The discussion attracted a crowd that seemed to have moved beyond the industry’s early fears of whether the cloud is secure, and instead sought to explore the practical topics of who’s moving to the cloud, benefits of doing it now, and future benefits. And it all came down to changing how people think about what the promise of the cloud can deliver.

Harnessing the power leads to big rewards

Let’s start with those values and benefits, of which scalability-on-demand, paying for only what you use, enormous capacity theoretically without a ceiling, and automated processes to make this all happen are just a few.

The immediacy of how you can feel the effect of all of these in your facility, though, may be the most striking. Think about transcoding as an example; this is emerging as a powerful way to take advantage of cloud processing for video production workflows.

Currently a media company or production team may capture dozens or even hundreds of hours of footage on a project. Now, they probably bundle up all the tapes or disks and bring them down to the facility and buy the transcoding for a fee, either for quantity of footage or for equipment time used. In the new cloud world, they could just “burst” whatever spare capacity they need to acquire at that moment without interrupting any of their broadcast processes.

These types of models are where the cloud really starts to come into its own as an on-demand, additional facility for the customer to move forward.

Having nearly unlimited storage is one value proposition, and it’s a really good one. But what processing video in the cloud is doing is closing the gap between the infrastructure, and the people who have to interact with it.

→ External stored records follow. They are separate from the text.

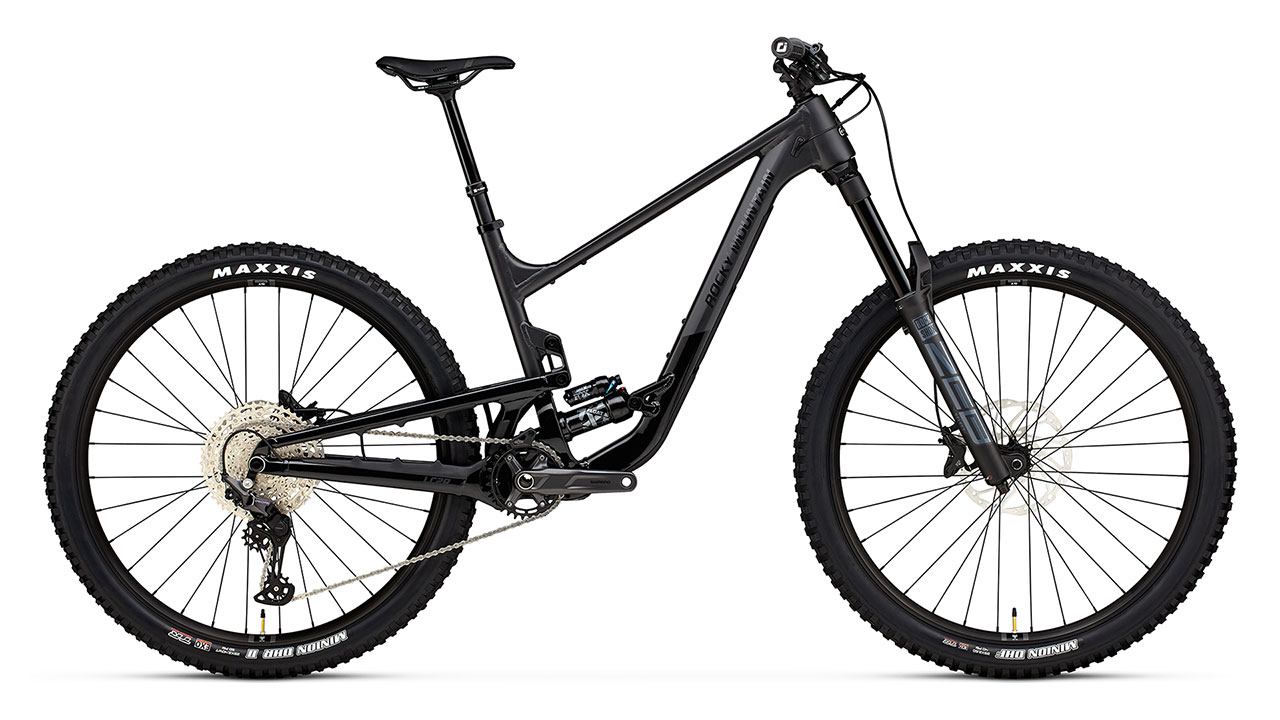 2025 Bikes | ROCKY MOUNTAIN BICYCLES | ロッキーマウンテン バイシクルズ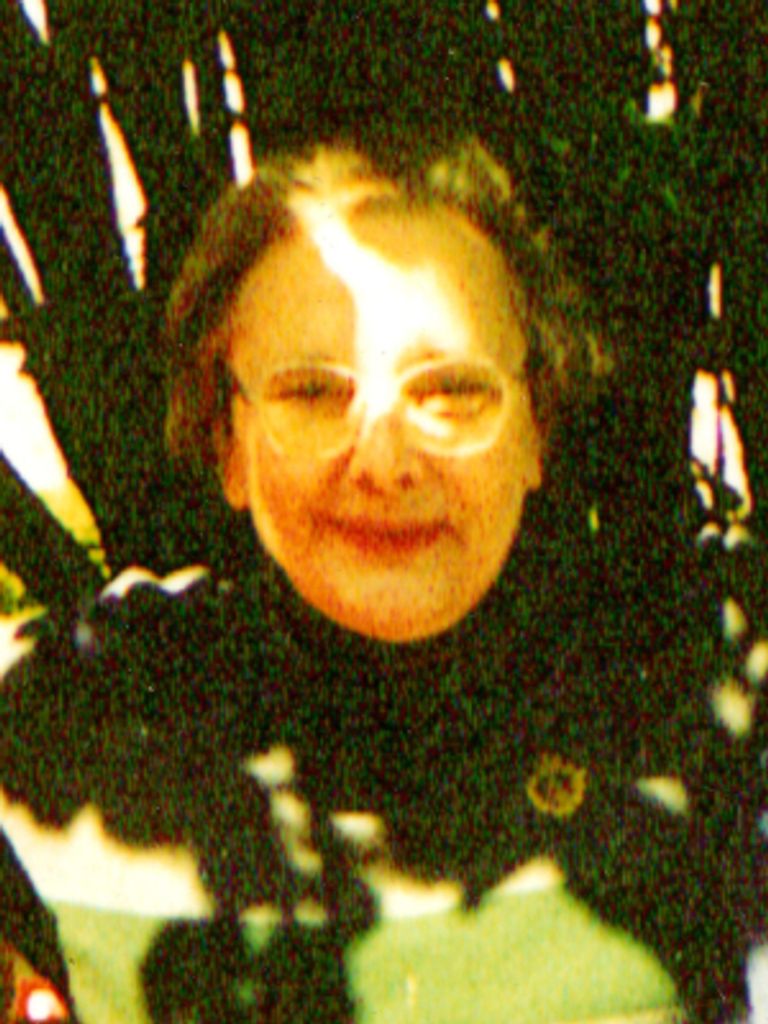 Arlene D. Smajek, Nee Capocchi Profile Photo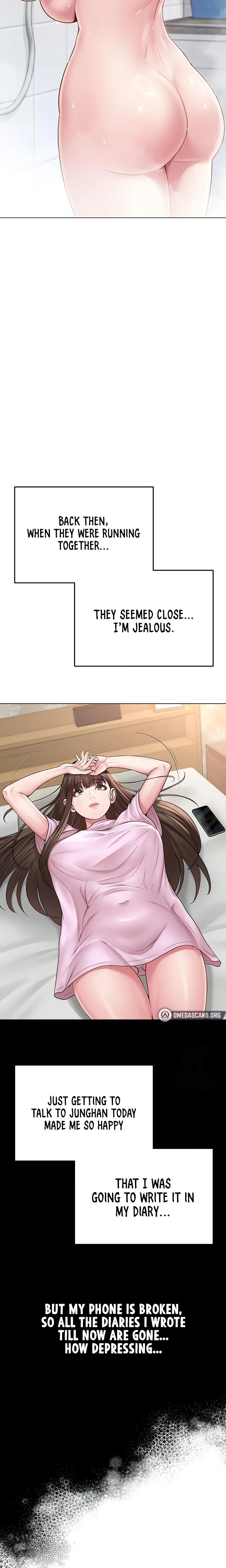 Social Media Nsfw Account Chapter 21 Page 19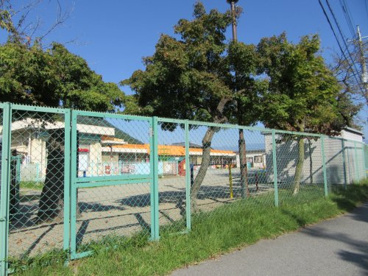 (市立)甲府市立甲運第一保育所の画像3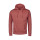 Felpa felpata personalizzabile Tee Jays cotone organico e poliestere riciclato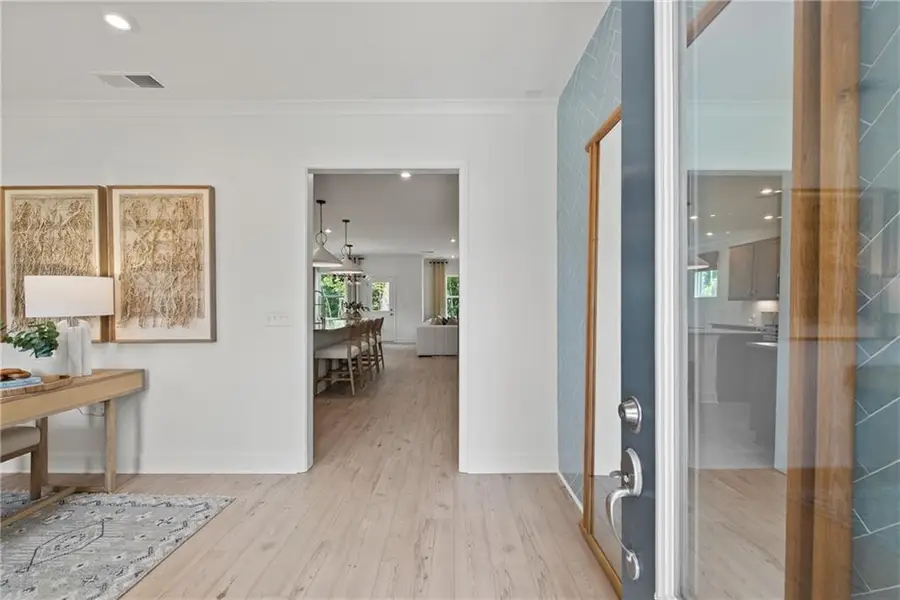 814 Tupelo Way, Villa Rica, GA 30180 - #3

This was reinforced by Steve Plunkett on the panel:

“When you think about how to take advantage of the cloud, you can’t just think ‘how can I do this same thing, but in the cloud, so I can have more scalability or more storage or more flexibility?’ You have to really go through an understanding about what’s different, how does it work differently from what I do, what do I want and need to do differently to take advantage of it?”

Think about transcoding huge amounts of UHD video. Does it make sense to rent one machine for a thousand hours, and get your job processed 42 days later – in Steve’s terms, “long after the rights window has been reached?”

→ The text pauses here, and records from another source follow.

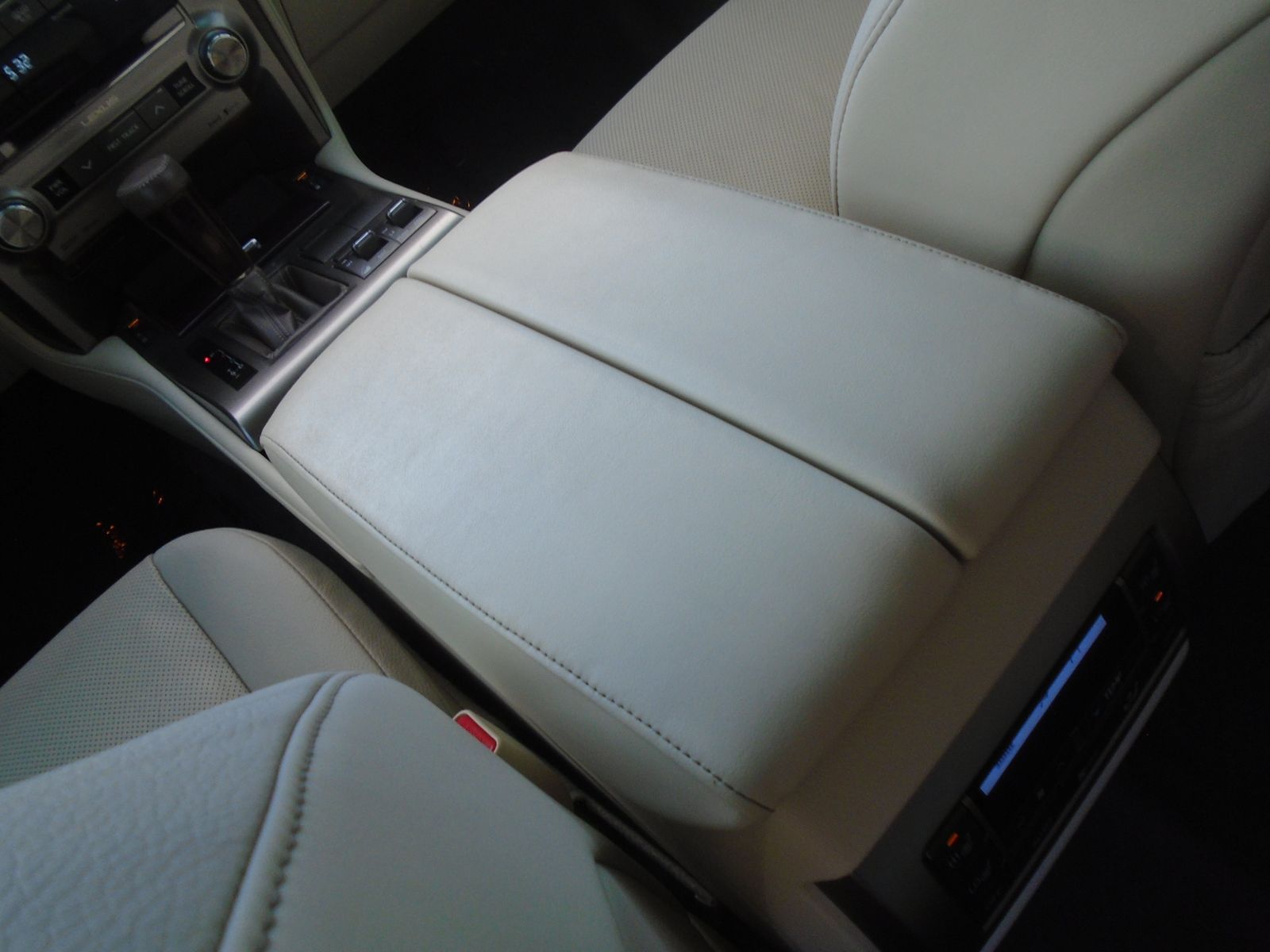 2019 Lexus GX GX 460 Premium AWD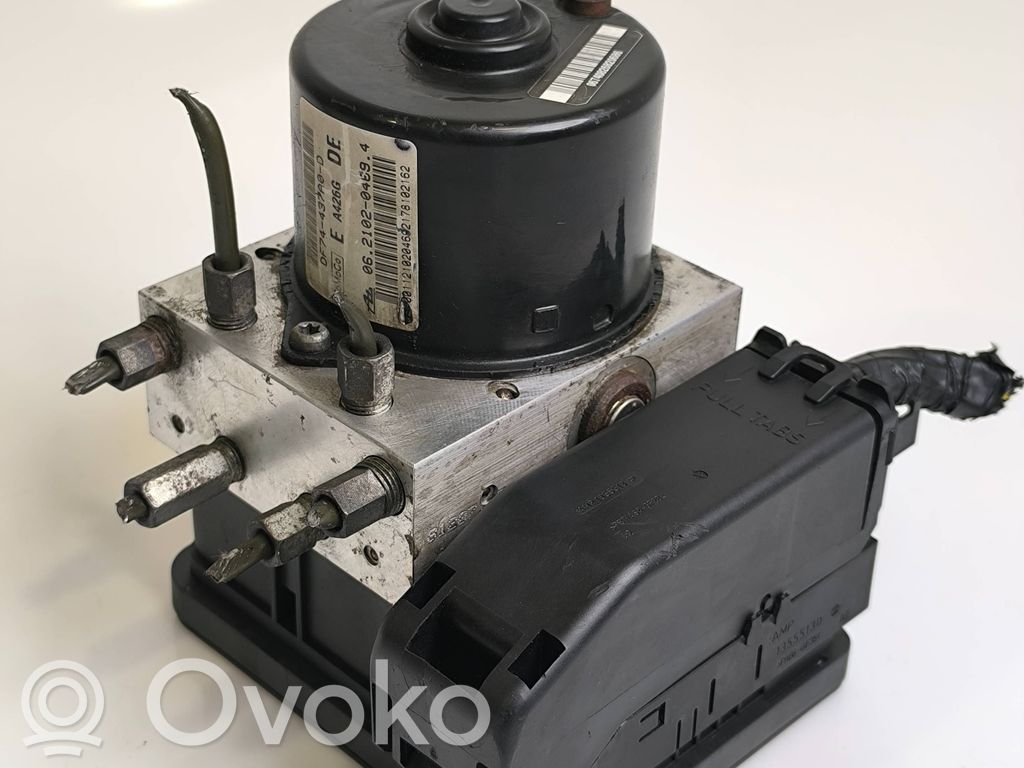 Mazda 2 ABS Pump 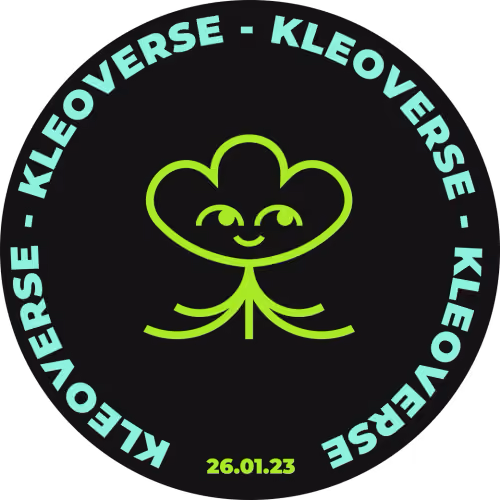 Bring Builders to Social – Kleo enters Lensverse ?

Or instead, rent one hour of a thousand Amazon AWS compute units processing concurrently? When you start thinking about that parallel for processing media, you can do really interesting things.

Start with the process

You can easily see the massive benefit to your workflow with just this one example – but it does require you to think about your processes differently first.

You’re not just replicating what you do in one place, over to another. You’re analyzing what’s possible, and seeing how it makes sense in making your workflows more efficient.

Some media companies think “We can make money, or save; in any case, the future’s better, so we’re going to make the jump.” Other ones think “it’s going to cost me five times as much so I’m not going to bother.”

The latter perceive the capabilities to be just like a traditional data center in the cloud, only more expensive – and therefore they can’t do it that way. As one of the audience members articulately stated, “You can’t simply say, ‘I want to be in the cloud,’ and suddenly you’re in the cloud.”

Even as everyone present recognized that cloud processing will become mainstream with its incredibly fast performance, capacity and efficiency, a point of frustration will continue to be moving media there from its point of production. That’s a problem Signiant has already solved for our clients, who are ahead of the curve in designing their workflows for the new world.

You’ve got to think differently. And those who think differently become more agile, gain the benefits, embrace the change, and move into the future.